The blizzard, deemed the area’s worst in 45 years, took form late on Friday and pummeled western New York through the Christmas holiday weekend. It capped an Arctic freeze and winter storm front that had extended over most of the United States for days, stretching as far south as the Mexican border.
At least 50 people have died in U.S. weather-related incidents since late last week, according to reports on Monday morning.
Numbing cold combined with howling winds and heavy “lake-effect” snow—the result of moisture picked up by frigid air moving over warmer lake waters—produced a storm that Gov. Kathy Hochul said would go down in history as “the Blizzard of ‘22.”
The governor called it an “epic, once-in-a-lifetime” weather disaster that ranked as the fiercest winter storm to hit Buffalo, New York state’s second-largest city, since a crippling 1977 blizzard that killed nearly 30 people. “It’s a very tenuous situation,” he added, noting that as of Monday, “The city of Buffalo is impassable in most areas.”
More than 15,000 flights have been canceled in recent days, according to Flightaware.com. Around 1,600 were canceled Monday, the website shows.
Poloncarz said that Buffalo residents are “used to snow here, we can handle snow ... but with the wind, the blinding views—it was complete whiteouts—and the extreme cold, it was some of the worst conditions that any of us have ever seen.”

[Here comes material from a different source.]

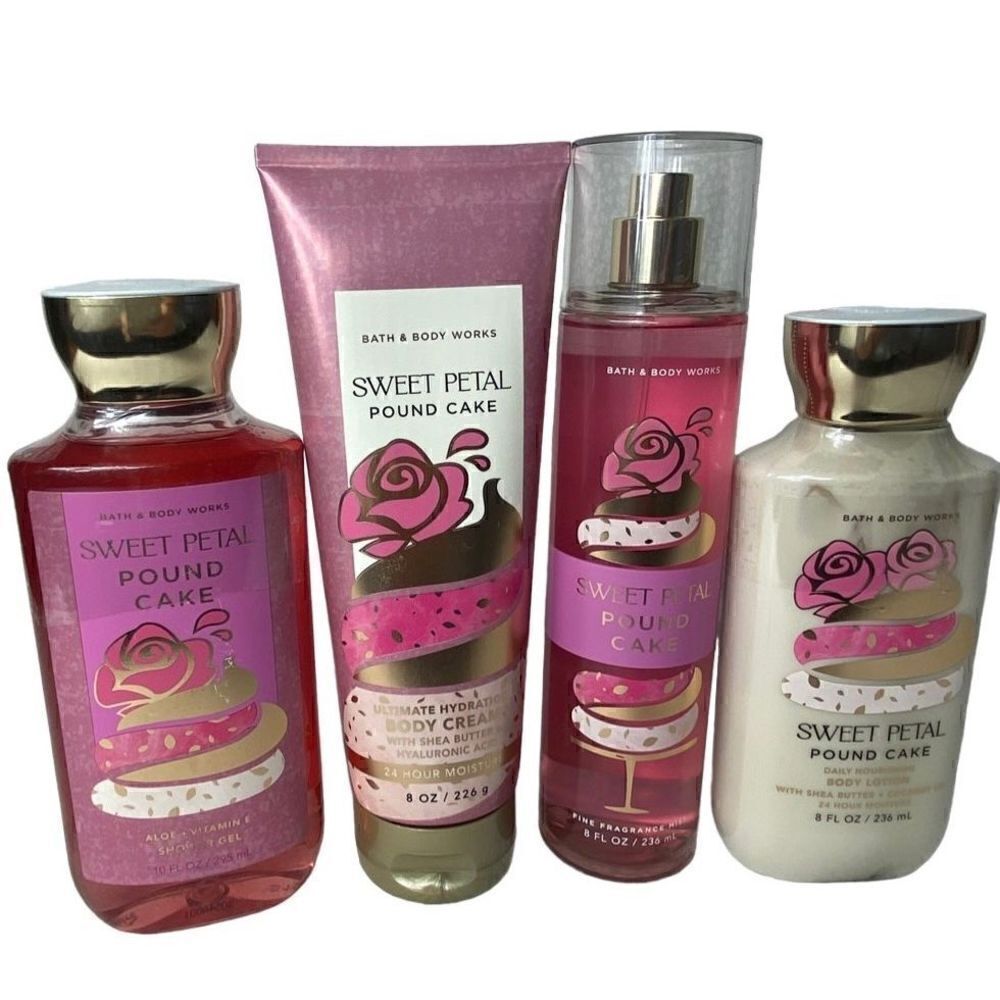 Bath and Body Works SWEET PETAL POUND CAKE 4PC Set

“Think about looking just a few feet in front of you at a sheet of white for more than 24 hours in a row. That’s what it was like outside in the worst conditions,” he told CNN. “It was continual blizzard and whiteouts such that no one could see where they were going. Nobody had any idea what was happening.”
National Guard Mobilized
Hundreds of National Guard troops were deployed to deal with rescue efforts in New York, announced Hochul over the past weekend. State troopers, meanwhile, were involved in some 500 rescues by Sunday, she also said, adding that they delivered a baby and helped a man with only 4 percent left on his mechanical heart, reported CNN.“We’re still in the throes of this very dangerous life-threatening situation,” Hochul said at a weekend press conference, calling on New York residents to stay off the roads. “Our state and county plows have been out there, nonstop, giving up time and putting themselves in danger, driving through blinding snowstorms to clear the roads,” Hochul said.
Despite a ban on road travel imposed since Friday, hundreds of Erie County motorists were stranded in their vehicles over the weekend, with National Guard troops called in to help with rescues hindered by white-out conditions and drifting snow, Poloncarz said Sunday.
Many snow plows and other equipment sent on Saturday and Sunday became stuck in the snow, “and we had to send rescue missions to rescue the rescuers,” he told reporters.
The Buffalo police department posted an online plea to the public for assistance in search-and-recovery efforts, asking those who “have a snow mobile and are willing to help” to call a hotline for instructions.
Christina Klaffka, 39, a North Buffalo resident, watched the shingles blow off her neighbor’s home and listened to her windows rattle from “hurricane-like winds.” She lost power along with her whole neighborhood on Saturday evening, and was still without electricity on Sunday morning.
“My TV kept flickering while I was trying to watch the Buffalo Bills and Chicago Bears game. I lost power shortly after the 3rd quarter,” she said.